Our clients and our company may have difficulty accessing the service of banks, which may make it difficult to contract for real estate needs. 
On February 14, 2014, the U.S. government issued rules allowing banks to legally provide financial services to state-licensed marijuana businesses. A memorandum issued by the Justice Department to federal prosecutors re-

iterated guidance previously given, this time to the financial industry that banks can do business with legal marijuana businesses and “may not” be prosecuted. The Treasury Department's Financial Crimes Enforcement Network (FinCEN) issued guidelines to banks that “it is possible to provide financial services"” to state-licensed marijuana businesses and still be in compliance with federal anti-money laundering laws.

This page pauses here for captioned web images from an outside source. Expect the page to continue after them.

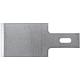 Lames de rechange standard pour grattoir universel (N° de commande 80 115 65) Anwendung 1
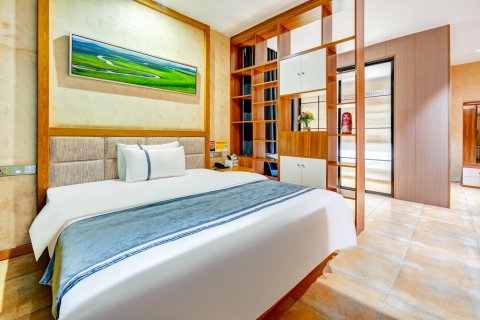 呼伦贝尔索伦嘎精品酒店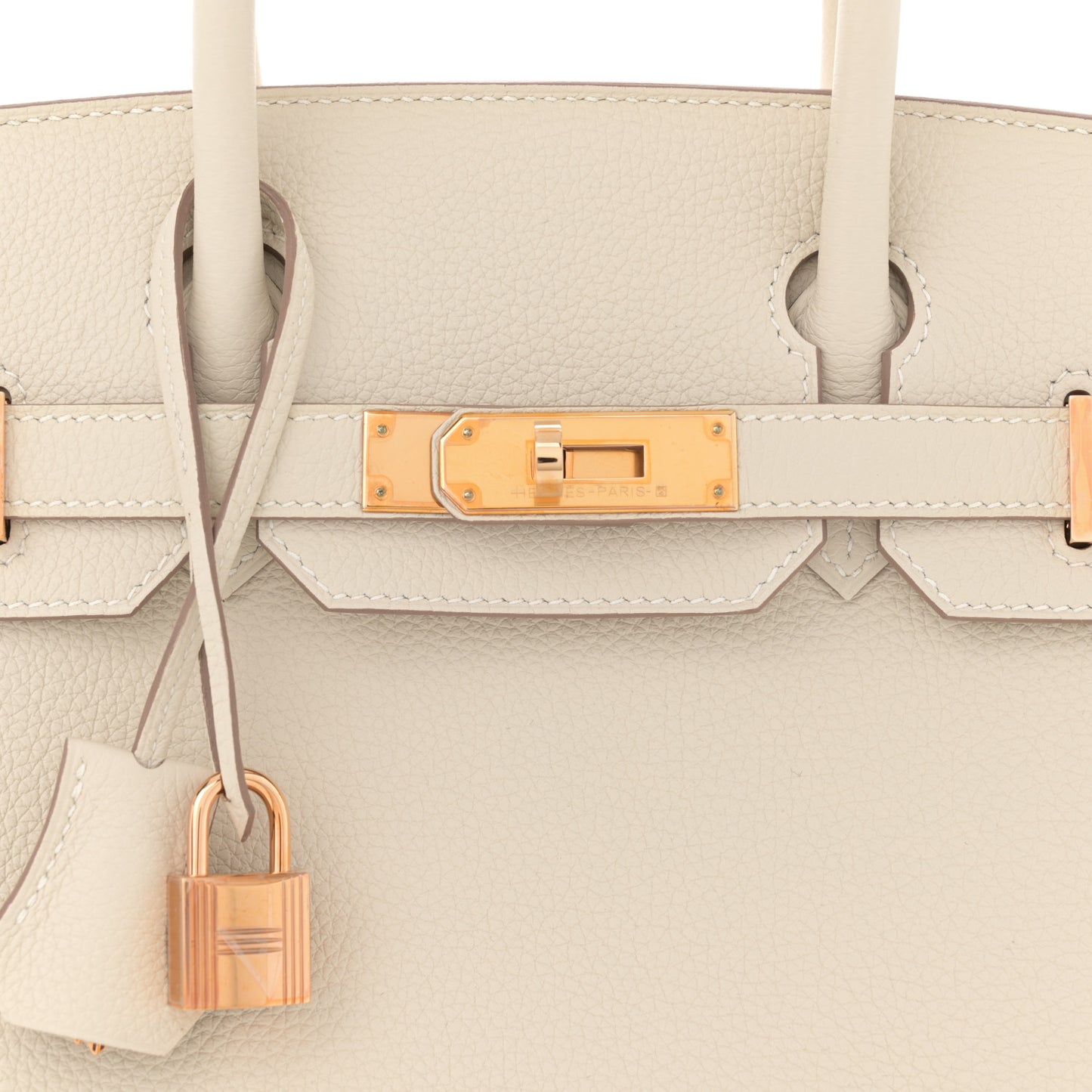 Togo Birkin 30 Craie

The guidance falls short of the explicit legal authorization that banking industry officials had pushed the government to provide and to date it is not clear what if any banks have relied on the guidance and taken on legal marijuana companies as clients. The aforementioned policy may be administration dependent and a change in presidential administrations may cause a policy reversal and retraction of current policies, wherein legal marijuana businesses may not have access to the banking industry. We could be subject to sanctions if we are found to be a financial institution and not in harmony with FinCET guidelines. Also, the inability of potential clients in our target market to open accounts and otherwise use the service of banks may make it difficult for them to contract with us. 

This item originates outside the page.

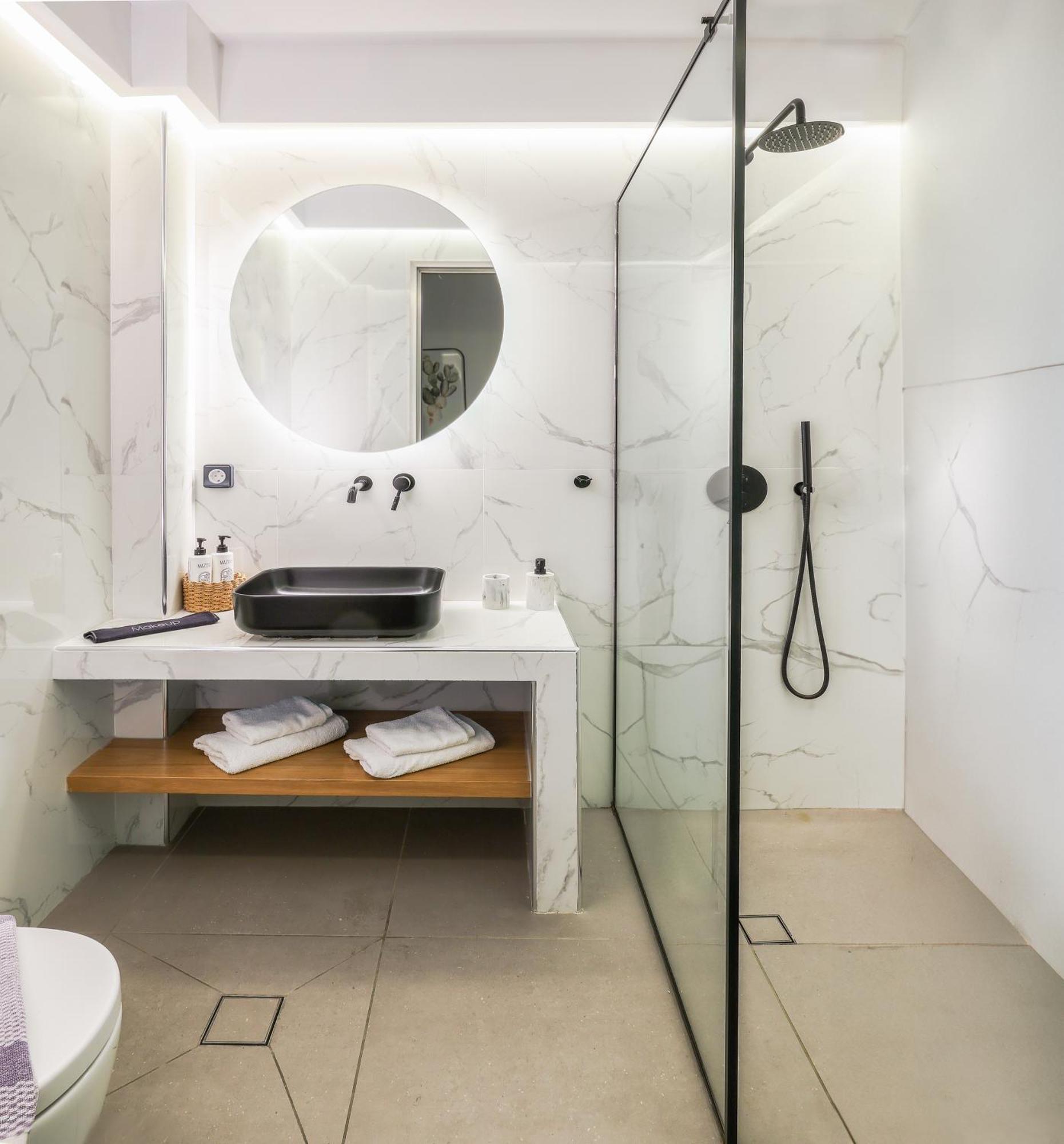 Amity Suites - Adults Only Fira  Exteriér fotografie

Because we buy, sell and lease property, we will be subject to general real estate risks. 
We will be subject to risks generally incident to the ownership of real estate, including: (a) changes in general economic or local conditions; (b) changes in supply of, or demand for, similar or competing properties in the area; (c) bankruptcies, financial difficulties or defaults by tenants or other parties; (d) increases in operating costs, such as taxes and insurance; (e) the inability to achieve full stabilized occupancy at rental rates adequate to produce targeted returns; (f) periods of high interest rates and tight money supply; (g) excess supply of rental properties in the market area; (h) liability for uninsured losses resulting from natural disasters or other perils; (i) liability for environmental hazards; and (j) changes in tax, real estate, environmental, zoning or other laws or regulations. For these and other reasons, no assurance can be given that we will be profitable. 
Because our business model depends upon the availability of private financing, any change in our ability to raise money will adversely affect our financial condition. 

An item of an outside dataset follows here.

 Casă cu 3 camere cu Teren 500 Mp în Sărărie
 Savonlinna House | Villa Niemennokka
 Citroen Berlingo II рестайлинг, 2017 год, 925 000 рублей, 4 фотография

Our ability to acquire, operate and sell properties, engage in the business activities that we have planned and achieve positive financial performance depends, in large measure, on our ability to obtain financing in amounts and on terms that are favorable. The capital markets in the United States have recently undergone a turbulent period in which lending was severely restricted. Although there appears to be signs that financial institutions are resuming lending, the market has not yet returned to its pre-2008 state. Obtaining favorable financing in the current environment remains challenging. We recently entered into a drawdown agreement for $14 million. In the event the lender is unable to finance on our drawdowns, we will not be able to implement our business plan and our financial performance could be adversely affected. 
Because we will compete with others for suitable properties, competition will result in higher costs that could materially affect our financial condition. 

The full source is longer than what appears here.